Aristarchus was with Paul when the ship they sailed on to Rome went down off the coast of Malta (Acts 27:2). Both men made it to Rome, where they both were imprisoned (Colossians 4:10, Philemon 1:24).
The name Aristarchus occurs 5 times in the New Testament; see full concordance.
🔼Etymology of the name Aristarchus
The name Aristarchus consists of two elements, the first being an adjective derived from the verb αριστευω (aristeuo), meaning to be the best:
αρι
The prefix αρι- (ari-) means "very," and works basically as an amplifier of what comes next. The noun αρετη (arete) means excellence and virtue. Verb αριστευω (aristeuo) means to be best or bravest and yields the noun αριστος (aristos), best or brave one.
The second part of our name comes from the noun αρχη (arche), in this case meaning chief or ruler:
αρχη αρχι
Noun αρχη (arche) and prefix αρχι (archi-) both speak of beginning (hence our words archaic and arch-father).
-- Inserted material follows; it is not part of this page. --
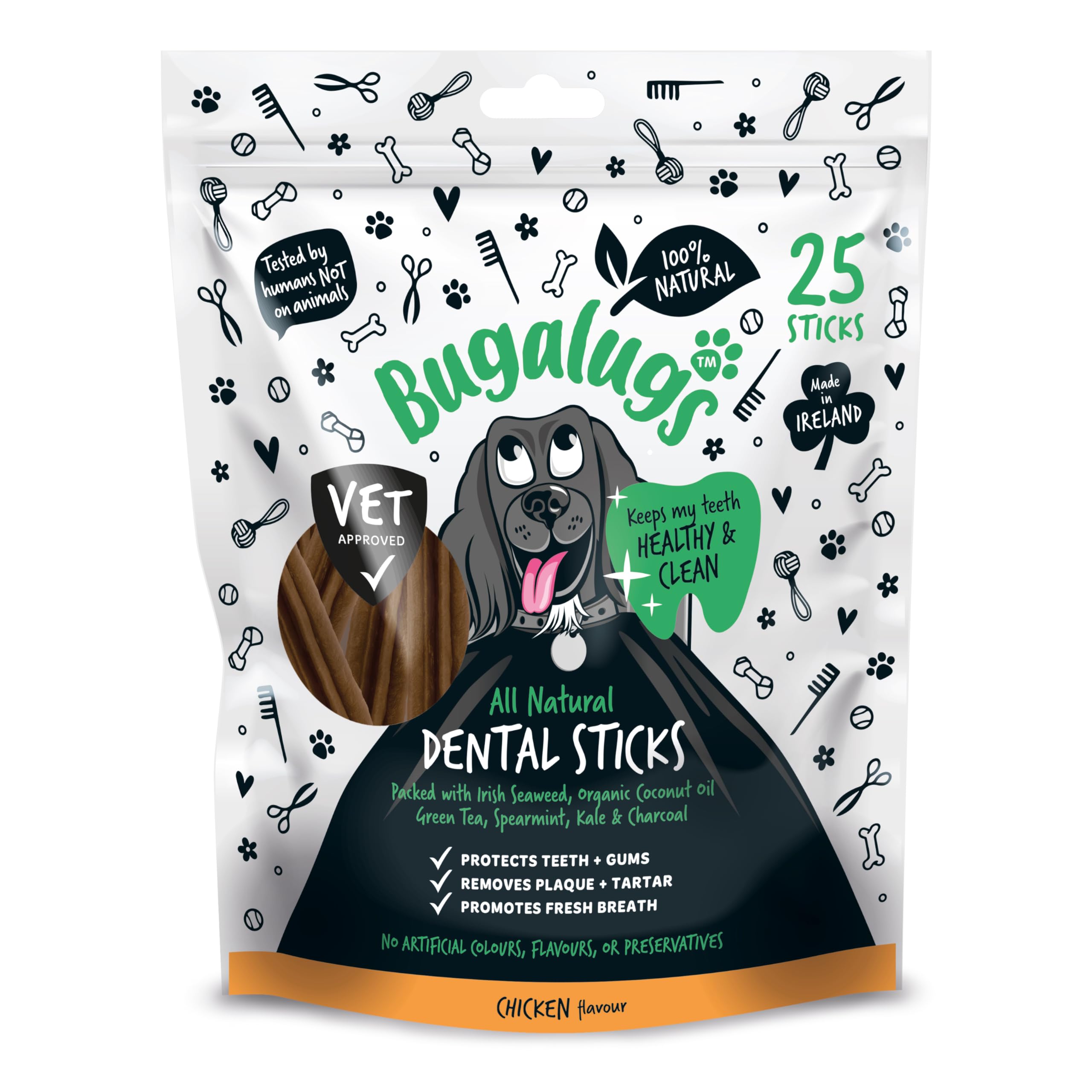 Bugalugs Dental Sticks - Natural Dog Treats & Chews for Teeth Cleaning, Plaque Removal & Breath Freshening - Grain Free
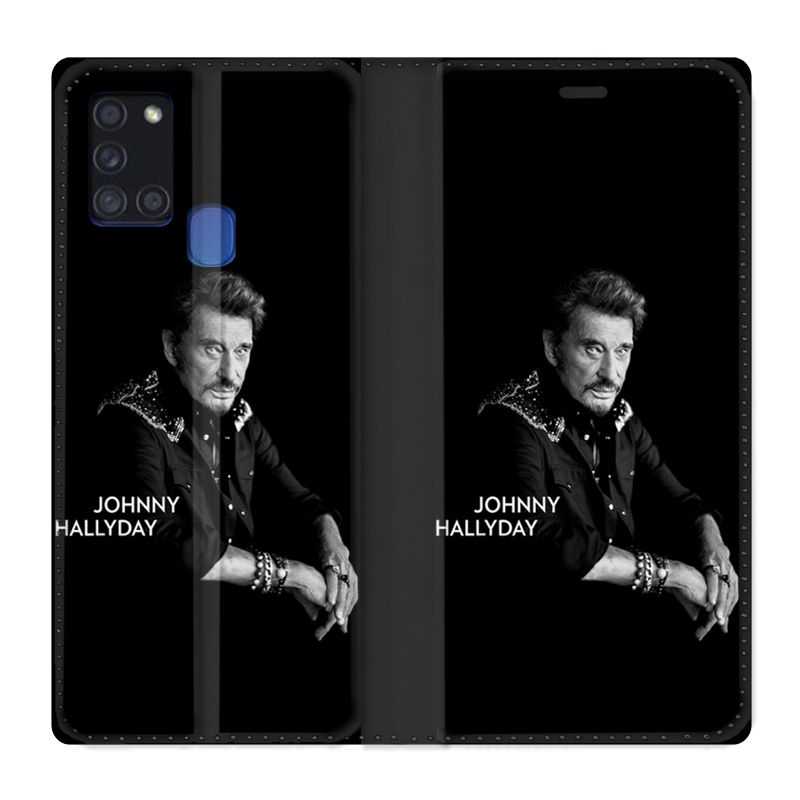 Housse cuir portefeuille pour Samsung Galaxy A21S Johnny Hallyday Noir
This may be a beginning in time but also in quality or political hierarchy, and so these words often express primality and hence being boss or best or highest (hence our word archangel). The word αρχων (archon) denotes a ruler or chief-in-office.
🔼Aristarchus meaning
The name Aristarchus means Best Ruler. According to Liddell and Scott (An Intermediate Greek-English Lexicon), Aristarchus was also an epithet of Zeus. Up to the Christian era, the most famous Aristarchus in history was probably Aristarchus of Samos, whose model of the heliocentric universe Archimedes used for certain calculation about the universe (published in his 3rd century BC book Psammites). In our article on the verb στεφω (stepho) we argue that this model was the norm in antiquity, and suggest that the notion of a flat earth came with the general degradation of wisdom in the post-Alexandrian world.